I’ll further bet that most people don’t have critical reading skills. Younger ones and those indoctrinated in eco-think look at the journalist’s writing and assume all is well. Older readers may look at this and feel uneasy, not because they translated as I did above, but there’s something about that reporting that seems… well, wrong somehow. They end up being skeptical of things they’re not even sure about, and the alternative to skepticism is to agree to a raft of stuff they don’t (and won’t) believe to be proper.

In short, idiotic reporting and ham handed political agendas CREATE skeptics. It’s not about the science, despite the environmental blogosphere’s contention that people are too dumb or uneducated to get science. It’s about the politics.
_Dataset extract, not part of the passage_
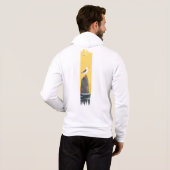 Tranquil Seagull Brushstroke Paint Hoodie (Achterkant volledig)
*this is a real life quote, not something made up.


Anthropogenic CO2

February 19, 2008

While reading I came across an interesting claim. Seems that what’s taken as a given in the climate science community is the idea that we know how much CO2 in the atmosphere came from fossil fuels. This is supposed to be due to the ratio of two isotopes c12/c13. If the ratio swings one way, is natural; if the other, it’s the signature for way old CO2 (fossil fuel.) Must be something about the half life like C-14 dating?

The interesting thing however isn’t that part of it, which to me looks like science. Instead, it seems that the crowd doing this work isn’t talking to the atmospheric or oceanic specialists. The atmosphere people seem to think that CO2 lives in the atmosphere for a while and then it’s absorbed by the oceans. The oceanic specialists know this and then say that oceans emit CO2 as they warm. This is not really in any dispute. Good science being done.

The interesting bit is that for an oceanic sink to work, it’s emitting first what came in last. (In software we call this Last In First Out.) Think about that. When the oceans warm, they emit the CO2 collected during the victorian era, from P-51 Mustangs in the 40’s, and so on, which is added to the atmosphere. Somehow I doubt the oceans have magical ways to emit only the natural isotope ratio CO2. That means earlier emissions are being absorbed and then re-emitted. Fossil fuel ratio or otherwise.

I’m thinking that what CO2 specialists are measuring re ratios isn’t merely current emissions, but rather the sum total of the contributions of mankind via fossil fuels. OK, so maybe not the total, but certainly a mixture of current and past emissions, enough to make it impossible to determine which is which.

I’ve posited this on a number of climate specialty sites and still no answer. It could be that this is a stupid question, and it could be that this isn’t a comfortable one. I’m guessing that since usually the climate sites are usually pretty good about answering stuff, this observation is probably one that nobody’s considered.